Because when a network device goes down and you get an email about it, isn't it already too late? Wouldn't it be better if SCO/SMA tried several remediation steps first before alarming you? Before flooding your inbox? Before sending another email that you or members of your team are just used to deleting at this point?

Again, I want to be really incredibly clear with what I am saying because I feel like this post is destined to catch flak. I'm laying out counter points to the SolarWinds SCOM MP, these are not an attack or criticism of the SolarWinds platform in and of itself. The platform (as it stands by itself) is genuinely awesome, but when it comes to System Center integration there is certainly a ways to go.

So what's a better solution? Well hopefully you aren't surprised when I say it just might be a...

Better Together Solution
At the end of the day, I'm making my decisions in the name of Service Manager which is why it's best to look at SCOM and SolarWinds as complimentary solutions in your environment. Why?

  • The shortcomings of one product are solved in the other
  • The wants of one product exist in the other
  • SolarWinds can shine as an amazing investigative tool for your Network Team
  • SCOM can shine as this amazing monitoring/alerting tool for a host of things in your environment including network devices!

So this means you'll be performing dual SNMP monitoring of network devices in SCOM and SolarWinds. This is truly and I mean truly...the only way everyone gets exactly what they want. It's the only way you are going to make two different IT teams happy. To look at this as a "one or the other" is to do both products and your internal teams a potential disservice. If you have the means to both of these technologies, then by all means use both of these technologies to their fullest!

However if and I say if you have SCOM and are only evaluating SolarWinds I truly believe your expectation can be met for far less money in the way of SCOM, the future of SCSM, and letting your teams get a good night's sleep when SCO/SMA are fixing issues in the early morning hours.

Getting SCOM Network Devices into SCSM
Depending on where you are on your SCSM/SCOM journey you'll either already know exactly how to do this or need a pointer in the right direction.
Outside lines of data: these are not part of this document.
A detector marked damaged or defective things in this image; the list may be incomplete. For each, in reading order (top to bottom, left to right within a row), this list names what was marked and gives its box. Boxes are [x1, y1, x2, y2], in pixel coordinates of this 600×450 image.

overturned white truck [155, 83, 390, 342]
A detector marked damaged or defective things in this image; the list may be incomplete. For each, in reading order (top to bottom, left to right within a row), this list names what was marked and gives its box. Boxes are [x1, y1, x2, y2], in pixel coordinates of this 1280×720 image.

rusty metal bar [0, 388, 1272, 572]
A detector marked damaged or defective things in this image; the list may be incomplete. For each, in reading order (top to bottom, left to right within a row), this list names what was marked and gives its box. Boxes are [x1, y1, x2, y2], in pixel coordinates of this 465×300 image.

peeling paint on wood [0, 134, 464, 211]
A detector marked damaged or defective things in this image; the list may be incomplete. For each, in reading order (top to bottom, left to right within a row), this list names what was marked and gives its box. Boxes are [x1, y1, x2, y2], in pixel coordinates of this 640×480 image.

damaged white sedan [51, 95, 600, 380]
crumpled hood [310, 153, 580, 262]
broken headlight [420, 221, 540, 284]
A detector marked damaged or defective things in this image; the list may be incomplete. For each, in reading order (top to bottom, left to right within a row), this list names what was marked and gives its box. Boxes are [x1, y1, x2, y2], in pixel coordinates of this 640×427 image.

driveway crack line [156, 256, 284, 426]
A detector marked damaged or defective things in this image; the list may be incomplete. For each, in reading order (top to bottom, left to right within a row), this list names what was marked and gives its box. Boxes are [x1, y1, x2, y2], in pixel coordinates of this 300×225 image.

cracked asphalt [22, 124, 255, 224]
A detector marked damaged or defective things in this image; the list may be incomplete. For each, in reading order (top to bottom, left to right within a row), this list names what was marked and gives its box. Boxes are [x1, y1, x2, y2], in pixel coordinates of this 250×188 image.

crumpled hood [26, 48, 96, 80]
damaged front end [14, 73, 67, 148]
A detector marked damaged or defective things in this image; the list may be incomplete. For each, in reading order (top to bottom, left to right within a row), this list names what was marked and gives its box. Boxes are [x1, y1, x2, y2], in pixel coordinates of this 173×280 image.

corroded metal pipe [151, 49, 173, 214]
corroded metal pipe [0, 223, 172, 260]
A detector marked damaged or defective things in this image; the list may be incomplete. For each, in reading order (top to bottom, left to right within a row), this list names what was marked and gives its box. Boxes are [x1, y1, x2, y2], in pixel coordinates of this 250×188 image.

In short, importing the Network Management pack from SCOM into SCSM will automatically begin syncing those SCOM discovered devices over as SCSM Configuration Items to play with in your CMDB (i.e. SCSM). What's more, providing all of the crazily rich SNMP discovered data into SCSM.

There are lot blogs addressing this very topic, so I won't bore you with my own retelling of them:

With your Network Devices pulled and updated from SCOM into SCSM, you continue to expand and open the possibilities of self-service and automation! Need some ideas?

  • Got a Firewall that controls websites internally? Service Request!
  • Need to shut down ports? Change Request!
  • Switch go down? Incident!
  • Unusual activity on a few ports? Shut em down with SCO/SMA
  • Need to see all the models of a particular switch? Create a view!
  • Want to report on all the Incidents, Changes, etc. about a Router? Glad you have Configuration Items because your Data Warehouse is spilling over with data now!

In conclusion...
I hope I've cleared a few things up. I hope I haven't too deeply offended anyone (again, not my intention for this post), but more than anything I hope I've helped someone out there quickly sift through some pros and cons of these platforms!